Bret Hart on Steve Austin's 'Broken Skull Sessions' Will Be Must-See Television

The two men responsible for arguably the greatest WrestleMania match of all time 23 years ago will unite once again. WWE announced on Thursday that Bret Hart will join Steve Austin for the Broken Skull Sessions on the WWE Network on March 16th. Austin will also be featured on RAW that night on the USA Network.

Hart will be the fifth guest on the Broken Skull Sessions. Previous guests have included the Big Show, Kane, The Undertaker, and Bill Goldberg. Every single edition of the show has been fantastic television, especially the episode with The Undertaker. Austin has honed his skills as a podcast host for years now, so his transition to interviewer on WWE's streaming platform has been a massive success.

Perhaps more-so than anyone else, Hart's rivalry with Austin in 1996 and 1997 helped turn Austin into a mega star during the onset of the "Attitude Era," pro wrestling's biggest boom period. After losing the WWE Championship to Shawn Michaels at WrestleMania XII in March of 1996, Hart went on a hiatus from WWE television until October of that year. During that period, he was heavily courted by WCW but eventually made the decision to stick with WWE.

Hart returned to WWE television on the October 21st, 1996 edition of RAW to inform the world that he would be with the WWE "forever." Forever turned out to be just over one year, as Hart left the company following the Survivor Series in November 1997 (the famed "Montreal Screwjob"). Due to WWE being in what he deemed to be financial peril, Vince McMahon went to Hart in September 1997 and revealed he wanted out of their 20 year contract that had been signed just one year prior.

However, let's rewind back to that October 1996 appearance on RAW. When Hart revealed he was returning, he also announced that he would face Steve Austin in his return match at that year's Survivor Series in Madison Square Garden. Austin had been calling Hart out for months on WWE television, so the match made sense. Hart had reportedly been extremely high on Austin's potential for quite some time and was chomping at the bit to work with him on television.

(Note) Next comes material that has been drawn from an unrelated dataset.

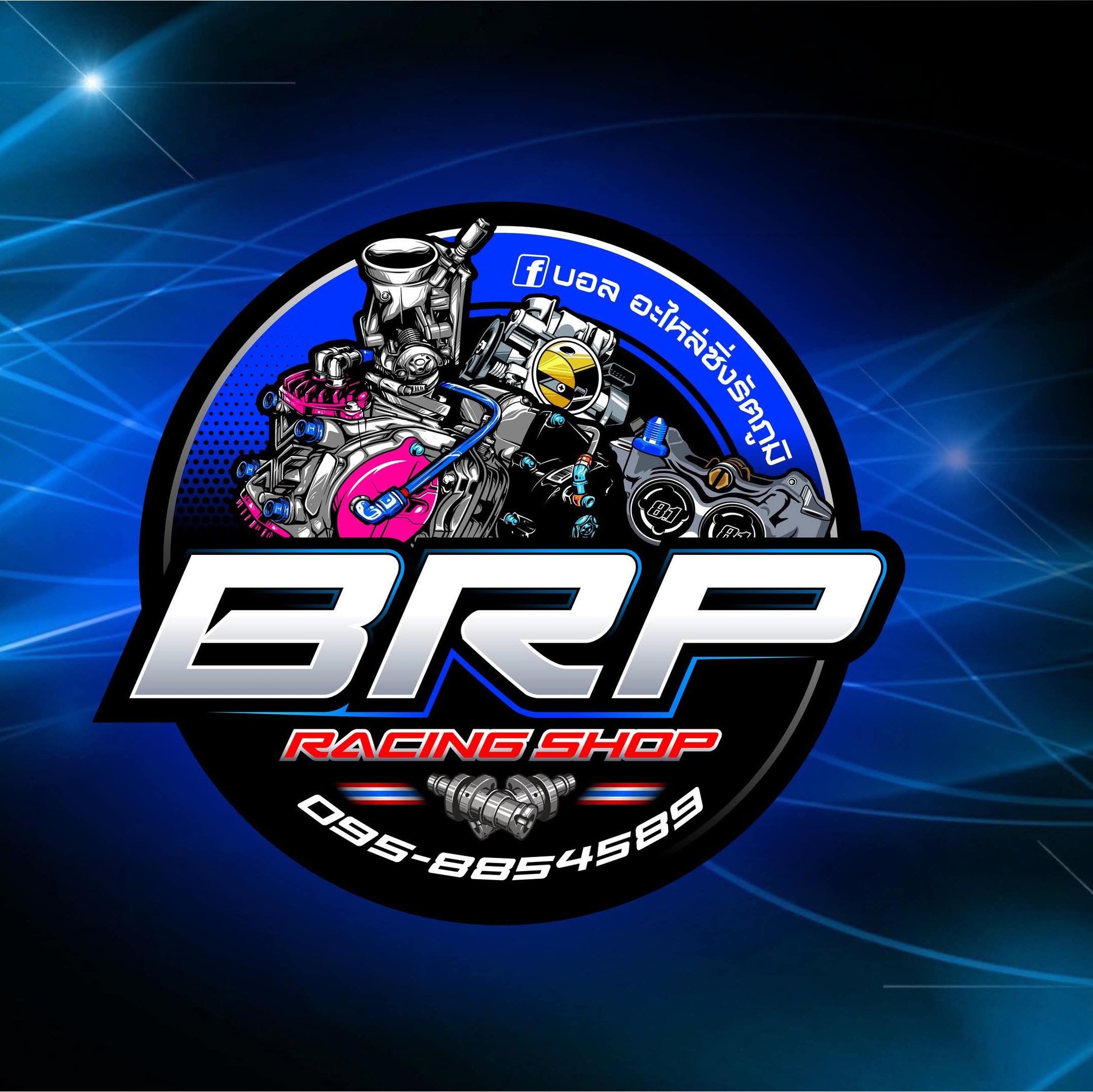 BRP Racingช่างบอล อะไหล่ซิ่ง | Amphoe Rattaphum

The two did have some untelevised matches across Europe, Kuwait, and South Africa at various live events throughout 1996 while Hart was off television but still fulfilling dates for the company, and he was quite impressed with the up and coming star. Austin continued calling out Hart on television right up until his RAW return in October, including in one memorable segment featuring Brian Pillman.

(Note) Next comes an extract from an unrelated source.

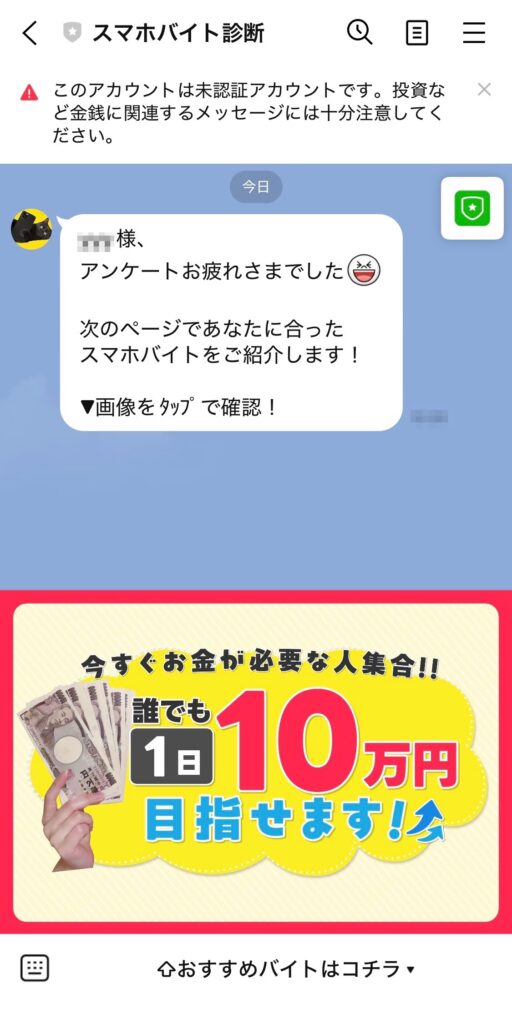 株式会社ワイズ・株式会社インター | 大原哲男のLINEスクリーンショット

Hart and Austin ended up having a classic encounter at Survivor Series that paved the way for an even better match four months later, the aforementioned WrestleMania 13 match in Chicago. They followed that classic with a third singles PPV bout at April's In Your House and were also involved in a ten-man tag team match at July's Canadian Stampede In Your House PPV event in Calgary, a night that featured arguably the hottest crowd ever for a WWE show.

Plus, let's not forget the fatal four-way match at the February 1997 In Your House PPV event that both Austin and Hart were involved in that saw Hart win the WWE Championship a fourth time, only to lose it to Sid the following night on RAW after Austin got involved. Or a memorable encounter on RAW following a Sid/Hart steel cage match that saw the Hitman completely lose it on the microphone afterward. There was also that tremendous brawl on RAW in April 1997 that saw Hart taken into an ambulance, only to reveal that Austin was in the front seat. Yeah, these two had one of the best feuds of the 1990s. Maybe ever.

There's no doubt that the year-long feud between Austin and Hart spring-boarded Austin into super-stardom and set the trajectory for his eventual championship victory over Shawn Michaels at WrestleMania 14, leading to one of the greatest periods any main eventer in wrestling has ever seen.


To watch Steve and Bret sit down with one another and reminisce about their careers and what was one of the most imporant periods in wrestling history will be must-see television. And it should make this edition of the Broken Skull Sessions the best one yet.